Monday, January 4, 2010

Embracing Zero Waste in Alachua County



Hi! My name is Jennifer Seitz. I work for the Alachua County Office of Waste Alternatives as the Public Education Coordinator in Florida. Our focus is to provide quality waste alternatives public education and services to our community. My project focuses on encouraging residents in low-income neighborhoods to better manage their household waste through recycling, composting, reusing and reduction. My project has three sections: neighborhood, educators and gardening.

Neighborhood


The Cedar Ridge and Linton Oaks Preservation and Enhancement District strives to work with their community to make and maintain neighborhood improvements for approximately 560 residents. I partnered with Alachua County’s Partners for a Productive Community to work with the residents to better understand their waste management and recycling needs. I attended neighborhood meetings to find out why there was no recycling and the challenges residents had with bulk items (e.g., couches, tables) left on corners.

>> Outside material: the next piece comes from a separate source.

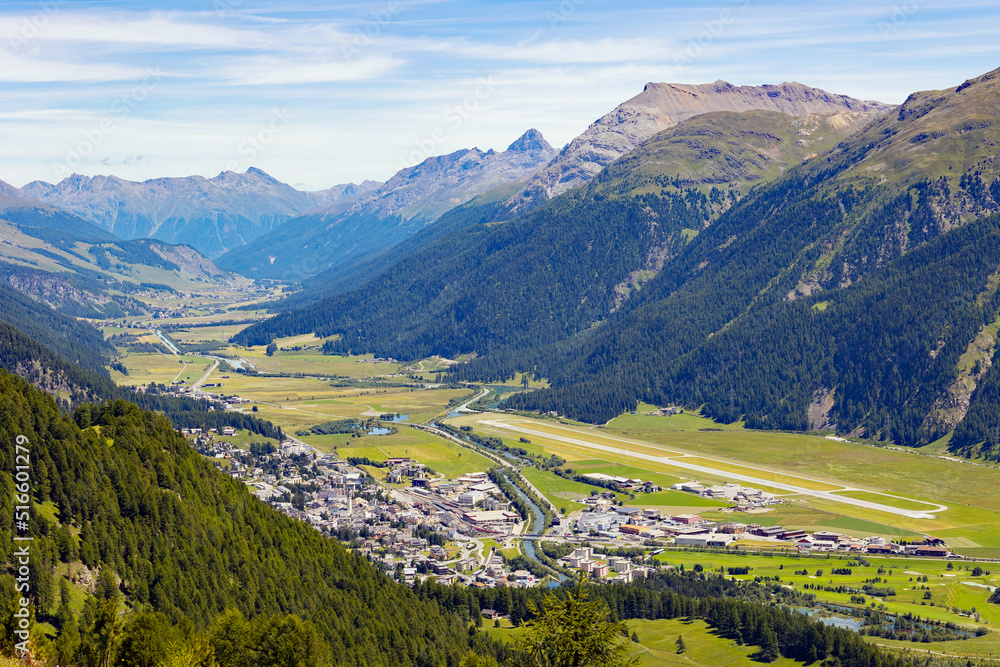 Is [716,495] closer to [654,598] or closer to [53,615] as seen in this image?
[654,598]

Working with our partners and the neighborhood community council and crime watch committee we have encouraged 10 residents to date to start recycling and are working with the hauler and our waste collection office to improve signage. The need for concise and clear education about the rules stood out most during meetings. We are creating a dry/erase board magnet with symbols and text for residents to keep as a reference. Most importantly we will continue attending the neighborhood meetings and working together to meet the needs of the community.

Educators

Our office hosted two professional development educator workshops for First and Second Grade Teachers that work with free and reduced lunch students in Alachua County. Children from families with incomes at or below 185 percent of the poverty level are eligible for free or reduced-price breakfast and lunch through the National Free and Reduced Lunch Program. It is our hope that providing teachers more information about waste management and reduction in our community, they will incorporate the information into their classroom and students would go home and share what they are learning with their families.

The workshops were correlated to state education standards for Science, Language Arts, Math, Social Studies and Art. Teachers spent the day participating in hands-on activities that embraced the concepts of Recycle, Reduce, Reuse and Rethink. The highlight of each workshop was a visit by our local enviro-hero, The Waste Watcher, and a tour of our Transfer Station to see what happens to all our garbage! Teachers left with an embrace zero waste kit including grade appropriate literature books, resources for activities and an activity guide. In the new year we’ll contact the workshop participants evaluate if and how the kits are being used with students and ways we can better assist teachers in reaching their education objectives for their students.

Gardening



One part of embracing zero waste is to compost. Compost is taking organic matter such as banana peels, coffee grinds and green leaves and putting them in a wire bin and letting decomposition take place to turn the materials into fertilizer for vegetable gardens and plants. We partnered with the Florida Organic Growers and Consumers, Inc. (FOG) to reach residents through gardening. One of FOG’s programs is the Gainesville Initiative for Tasty Gardens. Raised-bed vegetable gardens are built for free for low-income residents and the community centers that serve them, helping them become more self-sufficient by increasing their ability to provide for some of their own food needs. Our office provides wire compost bins, kitchen keepers (indoor bucket for holding compost scraps before taking outside) and education materials to the recipients. To date we have given away 73 compost bins and 66 kitchen keepers to recipients since September 2009. The next step is in evaluating the use of the compost bins by recipients and working with FOG to provide more compost education to recipients.

In all this has been a rewarding fellowship period. I am eager to continue these projects and expand them to other sections of the community. I’ll post follow-up images and information in the next couple months.

Written by:
Jennifer Seitz
jseitz@alachuacounty.us
2008 TogetherGreen Fellow

1 comment:

Eric Beck said...

Great post Jennifer and thanks for contributing! Keep up the great work.